After the recent death of Brian Thompson, the CEO of UnitedHealthcare who was shot and killed in Manhattan on Dec. 4, many people responded not with sympathy, but instead with contempt, mockery and even glee. Some even said they thought he deserved to die.
UnitedHealth Group posted a message on Facebook expressing sadness about Thompson’s death, and the post attracted thousands and thousands of reactions, the majority being laughing emojis.
While I don’t condone violence, I was not surprised by the lack of sympathy about Thompson’s death.
Americans pay more for health care than people in other large, wealthy countries. Government data shows that over the past five years, spending on insurance premiums, out-of-pocket co-payments, pharmaceuticals and hospital services has increased. Despite having the most expensive health care in the world, America barely ranks in the top 50 in life expectancy.
A recent U.S. Senate subcommittee report showed UnitedHealthcare’s use of artificial intelligence to automate claim decisions increased the insurer’s prior authorization denial rate for post-acute care from 10.9 percent in 2020 to 22.7 percent in 2022. A class action suit filed against UnitedHealth Group in November 2023 alleged the company knew the AI model they used had a 90 percent error rate.
According to those statistics, more than one in five insured people are denied necessary health care because a stupid robot said no to a claim.
These denials have very real consequences for people, whether it’s having to delay care while they try to appeal the denial, paying out-of-pocket for care or forgoing needed care altogether. Sometimes forgoing that care leads to death.
After Thompson’s murder, I saw people online sharing stories about their own insurance claim denials. One woman said her insurance company denied her surgery for breast cancer two days before it was scheduled because it wasn’t considered an emergency. Luckily, the decision was reversed after an appeal, but she said the whole ordeal put an incredible amount of stress on her during an already terrible time.
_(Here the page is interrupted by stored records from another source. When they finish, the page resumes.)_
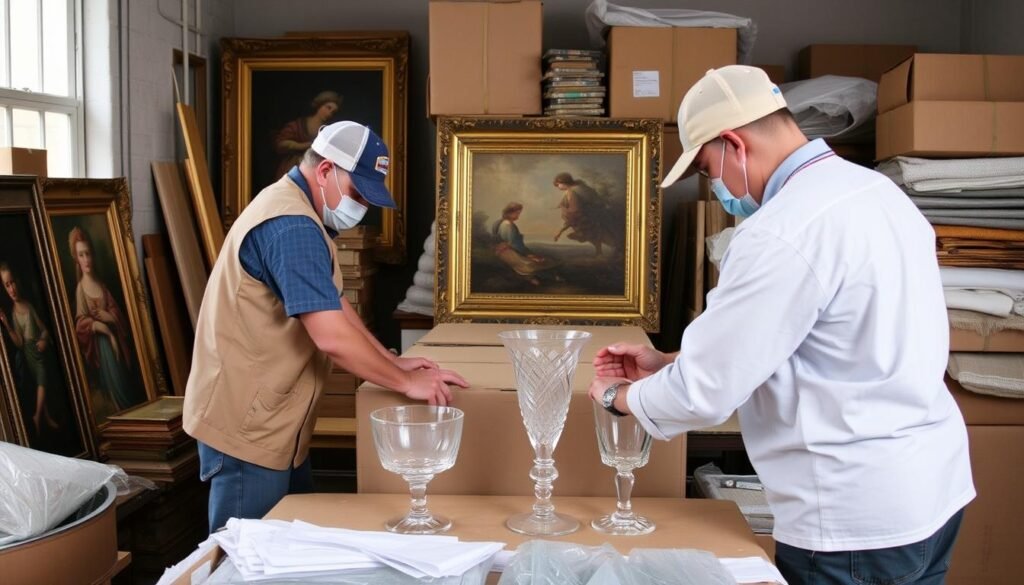 نقل القطع الخاصة والثمينة من الجبيل إلى الدمام الجنوبية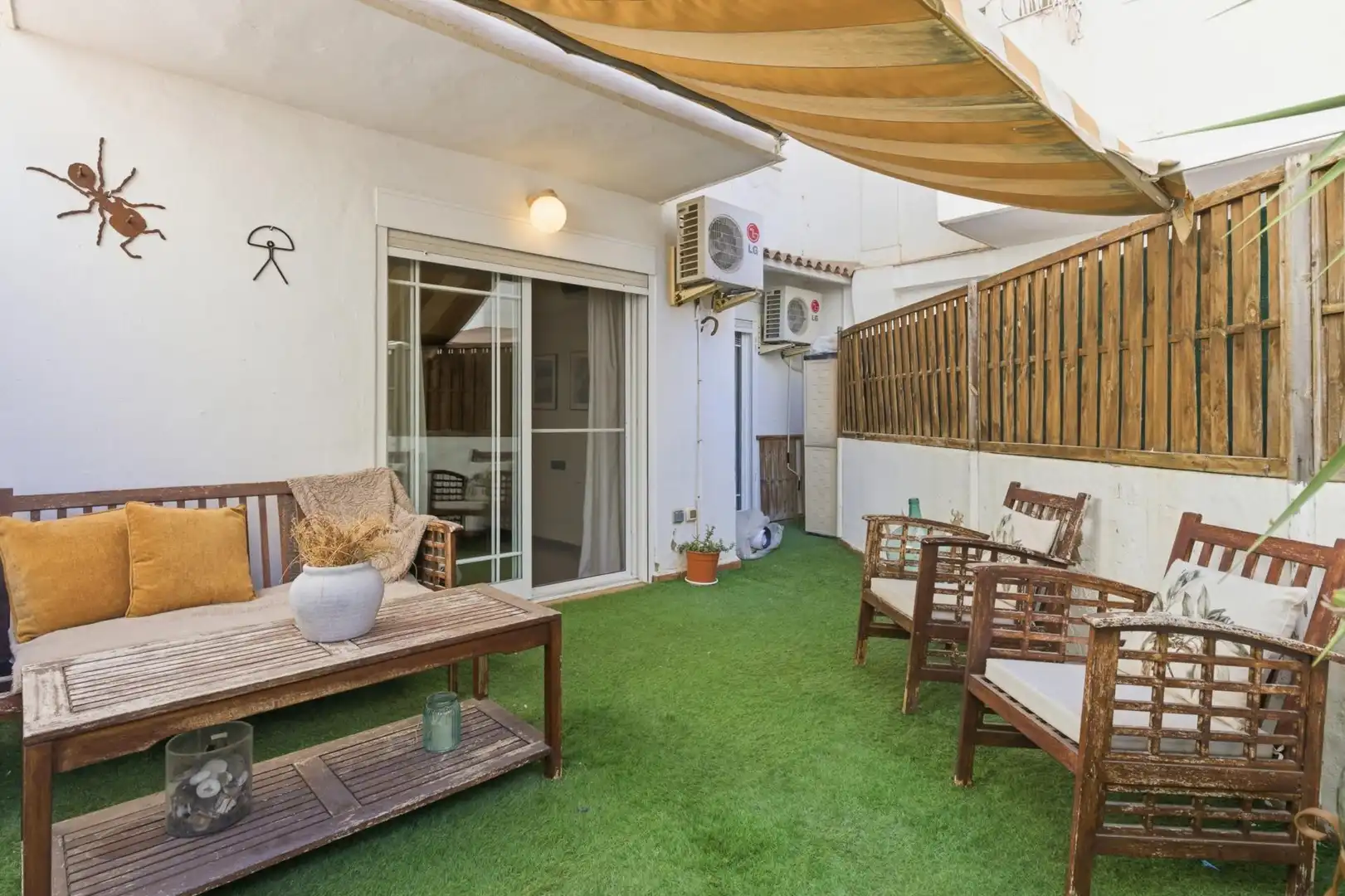 Terraza de Piso en venta en Sagunto / Sagunt con Aire acondicionado, Calefacción y Parquet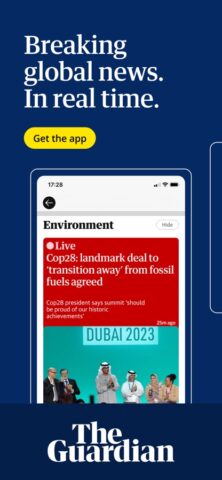iOS için The Guardian – Live World News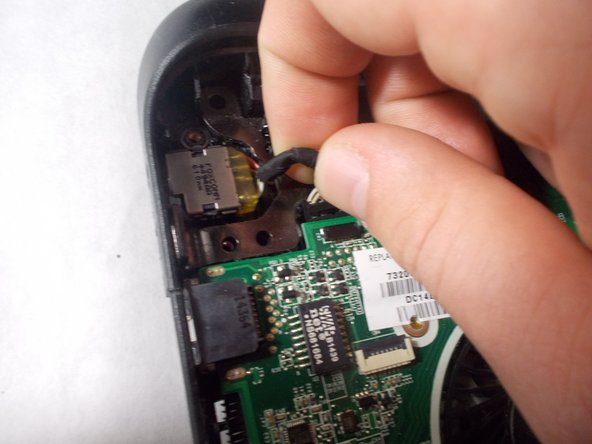 Laptop Power Jack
Another woman told a harrowing story about being sexually assaulted by a stranger and going to the hospital for a rape kit and pills and shots to prevent pregnancy and STDs. Her insurance company told her that before her claim could be approved, she’d have to show that authorities had charged her rapist with a crime. The police had not caught her attacker, so the woman had to pay out-of-pocket for treatment after being raped.
Another man shared that his diabetic mother’s insurance company suddenly denied her medical supplies. When she died six months later, her insurance company delivered her needed supplies. Her death had triggered the insurance provider to decide that her diabetes was necessary to treat.
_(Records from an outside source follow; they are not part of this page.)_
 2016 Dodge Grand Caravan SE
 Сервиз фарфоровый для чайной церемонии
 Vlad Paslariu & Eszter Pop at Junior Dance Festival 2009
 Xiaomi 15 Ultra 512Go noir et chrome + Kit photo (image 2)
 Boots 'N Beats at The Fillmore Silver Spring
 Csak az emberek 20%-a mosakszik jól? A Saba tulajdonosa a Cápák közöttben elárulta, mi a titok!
I saw story after story about people being denied needed care, including people who thought they had good insurance and were properly covered, only to be hit with unexpected expenses after a medical emergency, landing them in great financial hardship. It’s worth noting that nearly two-thirds of bankruptcies in America are related to medical debt.
Obviously, we never want to accept violence as a solution to a problem. I think there’s a far better answer to curtailing corporate greed than murder. But, I can understand how someone could be consumed with rage after seeing a loved one suffer or die from an insurance denial.
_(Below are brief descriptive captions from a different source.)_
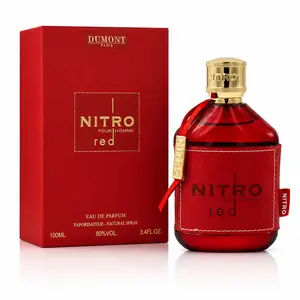 Dumont Nitro Red Unisex Eau De Parfum - 3.4 Oz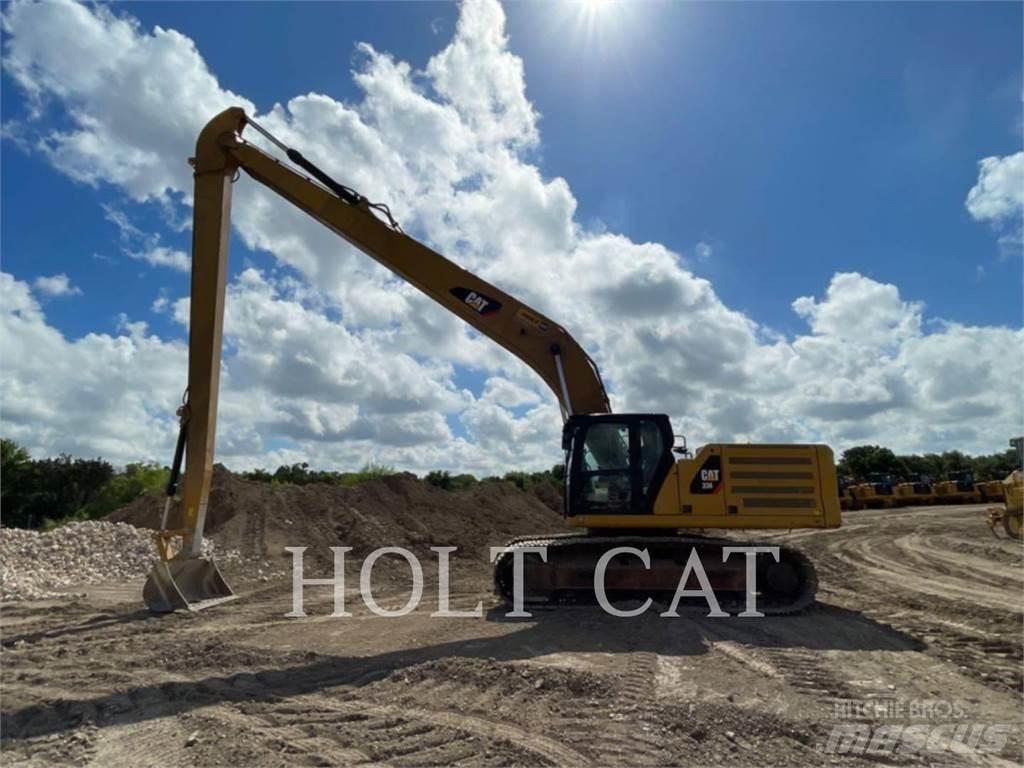 CAT 336 LRF Beltegraver
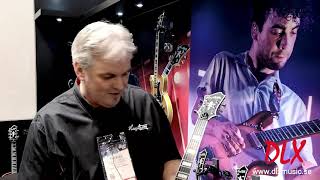 Video thumbnail for HAGSTROM ULTRA MAX 1 @ NAMM SHOW 2019 by Deluxe Music Scandinavia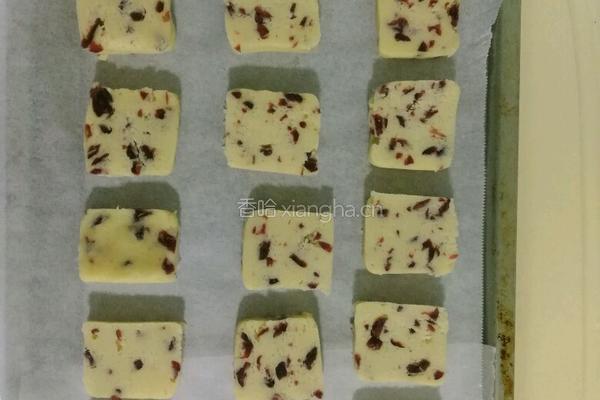 蔓越莓饼干的做法图解14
Thompson did not personally kill anyone, but there is no doubt the health care company he led caused countless people unnecessary suffering, and possibly death, by denying and delaying claims.
In a country that routinely sees mass shootings at shopping centers, concerts and school classrooms, we’re used to our leaders mumbling about sending their thoughts and prayers before telling us to get over it and get back to business as usual before the victim’s bodies are even cold. Is it any wonder, then, when a rich man who made his wealth by denying people life-saving medical care is shot and killed, that people who are increasingly becoming numb to mass deaths aren’t wringing their hands and calling for “justice?”
In 2023, UnitedHealth Group reported $22 billion in profits. That’s $22 billion the company collected from customer premiums and then denied claims for countless people when they needed medical care the most. The idea that these companies are profiting off of someone else’s health, and to such an astonishing degree, is morally obscene to me.
Health insurance companies make profits by denying claims. Relatively few people try to fight the insurer when they turn down their claims, with many saying they didn’t know they had the right to do so or didn’t know who to contact.
If you get a denial letter for care you need, don’t immediately give up. You have the right to appeal the company’s decision. Insurers must tell you why they’ve denied your claim and how you can dispute their decision.
There are two ways to appeal a claim denial – internal appeal and external review. For an internal appeal, you may ask your insurance company to conduct a full and fair review of their decision. With companies using AI to deny claims, it’s possible that an internal appeal may get the claim in front of a human who will reverse the decision. You may also ask your health care provider to contact your insurance company to request reconsideration.
If you don’t receive a satisfactory solution from an internal appeal, it may be time for an external review. In an external review, an independent third party reviews the appeal and decides whether or not the insurance company must pay the claim. The insurance company does not have the last say on whether you receive care.
These companies are counting on you to see that first denial letter and give up. Don’t.